2016-05-10 Statusmeeting

Agenda for the joint BNF, ONB, SB, KB and BNE NetarchiveSuite tele-conference 10-05-2016, 13:00-14:00.

Practical information

Participants

  • BNF: Sara, Annick
  • ONB: Michaela, Andreas
  • KB: Søren, Tue, Jonas, Stephen, Nicholas
  • SB: Colin, Sabine
  • BNE: Mar

NAS 5.1 Update (Tue)

Now in use in Netarkivet production environment

Stephen made some small reports on what our template changes are, explaining issues and how our NAS4 broad/selective crawl are arranged.

KB/SB are planning on changing our strategy on how we work with broad crawls now and will change focus towards more selective harvest.

This hasn’t been agreed, so this is not described anywhere yet.

Regarding our new H3 templates we have from start been using H3’s own default template .

This template has then been modified to work as closely to our old H1 templates.

To compensate for some issues we had in H1, new changes has been made and described in the report ‘Changes in H3.docx’.

Generating jobs in NAS5_1.docx, Issues in H3.docx

IIPC GA (all)

Feedback and important information from GA

NAS workshop (Sara)

Topics

1) Share experience with NAS 5 and Heritrix 3

2) Discuss challenges with specific types of sites (news, social media)

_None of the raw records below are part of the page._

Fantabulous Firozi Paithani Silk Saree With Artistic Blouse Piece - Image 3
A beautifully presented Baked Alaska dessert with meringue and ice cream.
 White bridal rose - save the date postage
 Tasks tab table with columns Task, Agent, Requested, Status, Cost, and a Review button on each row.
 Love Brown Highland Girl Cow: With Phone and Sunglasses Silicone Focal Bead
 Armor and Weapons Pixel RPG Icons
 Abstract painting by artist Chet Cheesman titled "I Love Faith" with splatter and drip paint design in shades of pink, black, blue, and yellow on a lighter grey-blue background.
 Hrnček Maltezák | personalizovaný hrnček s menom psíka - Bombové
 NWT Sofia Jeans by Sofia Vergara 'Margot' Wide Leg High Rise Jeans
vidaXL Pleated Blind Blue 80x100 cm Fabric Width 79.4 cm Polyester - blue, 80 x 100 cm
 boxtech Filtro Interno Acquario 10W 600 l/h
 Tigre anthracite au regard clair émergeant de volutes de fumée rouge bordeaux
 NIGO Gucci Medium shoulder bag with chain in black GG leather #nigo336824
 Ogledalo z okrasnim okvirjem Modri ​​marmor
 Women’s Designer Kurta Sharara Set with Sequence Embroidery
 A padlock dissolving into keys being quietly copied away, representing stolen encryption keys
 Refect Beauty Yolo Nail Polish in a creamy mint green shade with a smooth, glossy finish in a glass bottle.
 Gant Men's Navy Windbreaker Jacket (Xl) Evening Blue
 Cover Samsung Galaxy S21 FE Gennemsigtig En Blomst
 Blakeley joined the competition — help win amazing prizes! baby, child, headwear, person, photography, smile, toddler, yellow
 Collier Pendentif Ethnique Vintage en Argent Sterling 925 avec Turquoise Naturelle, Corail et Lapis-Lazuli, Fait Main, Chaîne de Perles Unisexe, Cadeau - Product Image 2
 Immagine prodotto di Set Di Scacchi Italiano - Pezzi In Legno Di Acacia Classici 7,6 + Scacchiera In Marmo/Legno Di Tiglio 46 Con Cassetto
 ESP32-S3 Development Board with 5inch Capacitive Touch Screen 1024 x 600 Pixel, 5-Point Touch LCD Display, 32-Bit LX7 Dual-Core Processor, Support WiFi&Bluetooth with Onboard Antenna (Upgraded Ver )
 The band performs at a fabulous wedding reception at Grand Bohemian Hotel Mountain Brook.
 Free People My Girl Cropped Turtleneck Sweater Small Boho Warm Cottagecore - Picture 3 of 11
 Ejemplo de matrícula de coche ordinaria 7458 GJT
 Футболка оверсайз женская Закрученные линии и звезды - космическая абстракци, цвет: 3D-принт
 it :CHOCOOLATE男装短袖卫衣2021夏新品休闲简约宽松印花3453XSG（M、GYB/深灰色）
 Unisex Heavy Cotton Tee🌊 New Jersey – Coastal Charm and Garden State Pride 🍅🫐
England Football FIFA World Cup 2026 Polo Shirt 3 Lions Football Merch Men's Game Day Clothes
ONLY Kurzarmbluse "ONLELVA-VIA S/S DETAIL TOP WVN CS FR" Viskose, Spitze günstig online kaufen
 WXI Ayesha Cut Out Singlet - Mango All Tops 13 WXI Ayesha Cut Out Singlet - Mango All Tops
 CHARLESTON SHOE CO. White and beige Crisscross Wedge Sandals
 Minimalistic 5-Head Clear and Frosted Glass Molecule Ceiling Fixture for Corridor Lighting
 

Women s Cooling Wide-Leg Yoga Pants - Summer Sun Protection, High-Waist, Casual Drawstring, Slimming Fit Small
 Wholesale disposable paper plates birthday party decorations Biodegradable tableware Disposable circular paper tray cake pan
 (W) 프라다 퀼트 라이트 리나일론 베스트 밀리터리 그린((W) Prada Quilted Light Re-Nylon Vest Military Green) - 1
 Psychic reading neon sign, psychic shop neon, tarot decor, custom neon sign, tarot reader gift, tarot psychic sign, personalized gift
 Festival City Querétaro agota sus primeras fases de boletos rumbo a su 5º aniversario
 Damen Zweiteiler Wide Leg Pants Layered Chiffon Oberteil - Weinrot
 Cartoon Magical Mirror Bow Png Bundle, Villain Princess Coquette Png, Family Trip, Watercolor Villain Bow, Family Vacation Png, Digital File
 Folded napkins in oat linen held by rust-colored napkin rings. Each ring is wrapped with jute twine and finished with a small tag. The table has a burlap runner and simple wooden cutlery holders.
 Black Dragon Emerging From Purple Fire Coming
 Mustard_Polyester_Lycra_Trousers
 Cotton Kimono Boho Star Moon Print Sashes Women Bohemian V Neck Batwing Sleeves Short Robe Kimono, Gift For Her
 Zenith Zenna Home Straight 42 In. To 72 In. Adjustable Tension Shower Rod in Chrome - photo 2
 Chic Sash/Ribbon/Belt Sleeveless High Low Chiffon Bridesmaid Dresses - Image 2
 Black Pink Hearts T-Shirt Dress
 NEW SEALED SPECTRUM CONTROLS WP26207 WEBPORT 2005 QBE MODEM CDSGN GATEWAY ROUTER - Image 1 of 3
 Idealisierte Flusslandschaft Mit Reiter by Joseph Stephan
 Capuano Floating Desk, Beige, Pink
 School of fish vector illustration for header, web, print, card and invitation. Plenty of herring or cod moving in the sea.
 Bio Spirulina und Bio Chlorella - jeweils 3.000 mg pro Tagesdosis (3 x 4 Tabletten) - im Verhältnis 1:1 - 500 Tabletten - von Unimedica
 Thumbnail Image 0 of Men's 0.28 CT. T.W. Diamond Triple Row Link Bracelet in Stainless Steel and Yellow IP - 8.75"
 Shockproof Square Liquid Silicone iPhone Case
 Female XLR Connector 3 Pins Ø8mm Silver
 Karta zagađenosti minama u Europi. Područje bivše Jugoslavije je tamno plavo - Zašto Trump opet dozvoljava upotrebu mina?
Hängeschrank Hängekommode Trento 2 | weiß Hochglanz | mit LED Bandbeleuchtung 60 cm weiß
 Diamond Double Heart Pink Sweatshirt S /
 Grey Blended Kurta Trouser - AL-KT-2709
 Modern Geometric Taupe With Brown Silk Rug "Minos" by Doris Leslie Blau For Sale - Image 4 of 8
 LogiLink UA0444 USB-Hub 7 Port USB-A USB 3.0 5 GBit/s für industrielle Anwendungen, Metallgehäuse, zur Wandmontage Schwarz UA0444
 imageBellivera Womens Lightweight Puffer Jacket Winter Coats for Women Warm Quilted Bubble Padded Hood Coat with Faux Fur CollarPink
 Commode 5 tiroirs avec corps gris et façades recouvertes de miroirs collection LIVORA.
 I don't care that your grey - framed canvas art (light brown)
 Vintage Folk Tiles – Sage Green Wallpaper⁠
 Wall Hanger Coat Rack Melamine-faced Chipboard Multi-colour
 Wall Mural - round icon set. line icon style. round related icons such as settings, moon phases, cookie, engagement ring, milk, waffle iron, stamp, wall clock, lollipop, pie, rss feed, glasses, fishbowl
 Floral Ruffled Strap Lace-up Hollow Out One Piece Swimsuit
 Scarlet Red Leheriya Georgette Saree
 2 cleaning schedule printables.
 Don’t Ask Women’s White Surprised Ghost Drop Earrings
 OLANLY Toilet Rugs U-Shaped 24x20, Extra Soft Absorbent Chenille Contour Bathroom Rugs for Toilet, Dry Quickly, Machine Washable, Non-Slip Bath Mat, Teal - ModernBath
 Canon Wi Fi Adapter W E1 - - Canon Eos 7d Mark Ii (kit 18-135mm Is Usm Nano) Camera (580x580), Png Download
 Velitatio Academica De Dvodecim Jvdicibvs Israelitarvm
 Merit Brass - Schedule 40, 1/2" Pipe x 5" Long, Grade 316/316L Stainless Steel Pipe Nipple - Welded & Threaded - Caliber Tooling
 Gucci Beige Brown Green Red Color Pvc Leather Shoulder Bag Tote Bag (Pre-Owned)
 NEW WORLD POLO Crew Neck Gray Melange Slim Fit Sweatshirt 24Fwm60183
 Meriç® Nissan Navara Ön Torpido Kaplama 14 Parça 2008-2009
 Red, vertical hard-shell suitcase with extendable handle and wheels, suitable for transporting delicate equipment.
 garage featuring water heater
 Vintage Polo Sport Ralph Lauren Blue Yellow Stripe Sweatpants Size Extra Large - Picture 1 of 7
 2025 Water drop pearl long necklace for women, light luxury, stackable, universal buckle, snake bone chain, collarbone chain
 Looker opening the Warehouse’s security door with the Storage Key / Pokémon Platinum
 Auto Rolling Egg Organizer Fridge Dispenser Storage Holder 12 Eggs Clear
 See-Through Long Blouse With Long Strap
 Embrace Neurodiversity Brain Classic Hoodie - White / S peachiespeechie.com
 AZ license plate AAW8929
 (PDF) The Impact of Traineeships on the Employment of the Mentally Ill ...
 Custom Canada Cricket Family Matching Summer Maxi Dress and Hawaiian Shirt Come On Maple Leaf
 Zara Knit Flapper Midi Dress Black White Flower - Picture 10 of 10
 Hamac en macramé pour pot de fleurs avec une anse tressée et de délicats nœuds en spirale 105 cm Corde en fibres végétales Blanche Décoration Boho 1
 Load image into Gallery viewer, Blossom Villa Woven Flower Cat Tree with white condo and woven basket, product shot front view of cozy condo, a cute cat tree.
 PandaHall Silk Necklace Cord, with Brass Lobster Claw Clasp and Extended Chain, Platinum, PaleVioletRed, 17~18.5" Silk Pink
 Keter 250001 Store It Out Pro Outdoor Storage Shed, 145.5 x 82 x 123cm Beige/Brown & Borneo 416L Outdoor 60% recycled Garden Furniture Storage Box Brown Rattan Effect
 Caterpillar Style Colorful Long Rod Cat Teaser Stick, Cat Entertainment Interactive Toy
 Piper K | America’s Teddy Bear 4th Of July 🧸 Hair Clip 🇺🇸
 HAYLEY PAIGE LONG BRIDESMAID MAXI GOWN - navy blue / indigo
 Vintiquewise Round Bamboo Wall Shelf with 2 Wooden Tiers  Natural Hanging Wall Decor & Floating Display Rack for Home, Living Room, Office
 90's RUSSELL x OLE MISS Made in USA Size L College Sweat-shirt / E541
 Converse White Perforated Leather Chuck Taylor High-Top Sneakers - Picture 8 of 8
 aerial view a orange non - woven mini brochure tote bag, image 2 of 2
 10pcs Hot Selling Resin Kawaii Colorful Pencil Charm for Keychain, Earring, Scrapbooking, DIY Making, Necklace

3) Discuss collection strategies

4) Discuss features/a GUI to handle the harvester

5) Look into the possibility to integrate another crawler into NAS (Colin proposed to come with a prototype with a headless browser)

Schedule

End of January 2017 - 2,5 days - in Vienna

Poll from Michaela http://doodle.com/poll/nk6dfc3kav4a4hs8

Status of the production sites

Netarkivet

 
  • We have moved our production site to NAS 5.1 H3
  • We will start the second  broad crawl 2016 as soon as NAS 5.1 and Heritrix 3 are running “smoothly”
  • The event crawl on the refugee crisis is stil ongoingAs it is a supplement to our selective news media and social media crawls, it is a very little event crawl.
  • We will participate in the IIPC collections Olympics 2016 and Online News around the World: A snapshot in Time
  • We are preparing for a new event crawl on the European Capital of Culture project “Aarhus 2017”: we are looking at different scenarios for this event crawl
  • We are still unable to harvest anything from Facebook
  • We are revising our collection strategy: There will be less broad crawls and more selective crawls. At the moment we are looking at the selective news media crawls. According to our resources we need a more streamlined approach for an extended number of domains to be crawled
  • The social platform arto.com will be closed down at june 1st . We were offered a private crawl of the entire site (no WARC files, but likely WARC compatible). We decided to say no thanks and to do a last crawl of the entire site on our own.
  • We are working on a business model (juridical and financial issues) for giving corpora from Netarchive to research institutions. Our first customer will be the University of Southern Denmark.

BnF

 
  • We are still running our ongoing selective crawls (the biggest one is annual focused on big hosts and domains, social movements).
  • We installed Java 1.7.79 on some harvesters within a specific channel to solve HTTPS problems for specific crawls (news and official publications).
  • We are still working on our Corpus project.

ONB

 
  • Please see doodle poll http://doodle.com/poll/nk6dfc3kav4a4hs8 to select the dates for the NAS meeting in Vienna (25.-27.1. or 30.1.-1.2.)
  • Event crawl about presidential elections is still ongoing. One of the political parties is blocking our crawlers. We used webcrawler.io to archive the website. We still need to find a way to integrate the content into our webarchive.
  • We completed an important milestone: the new user interface for the inhouse webarchive terminals has been launched. It includes a partial fulltext search, screenshot preview and uses Open Wayback. The next step will be going online, archived content will not be accessible, search-function only.

BNE

  • The first .es domain crawl is running since April 4th. Our engineers estimate it will last until the end of July or mid August.
  • We are trying to connect BCWeb to NAS development environment to give access to the web curators from our regional libraries.
  • As our General Elections are going to be repeated in June 26th, we didn't close yet the General Elections event crawl that started on December 2015. Web curators from the regional libraries are nominating seeds for this collection.
  • At the moment, the web archiving team is even smaller than it was. If the librarians were two (Sole and me), I'm now on my own, because Sole moved to another position at the Library. We are trying to recruit more people for the team, but so far the situation is even worse than it used to be.

Next meeting

2016-06-14

Any other business?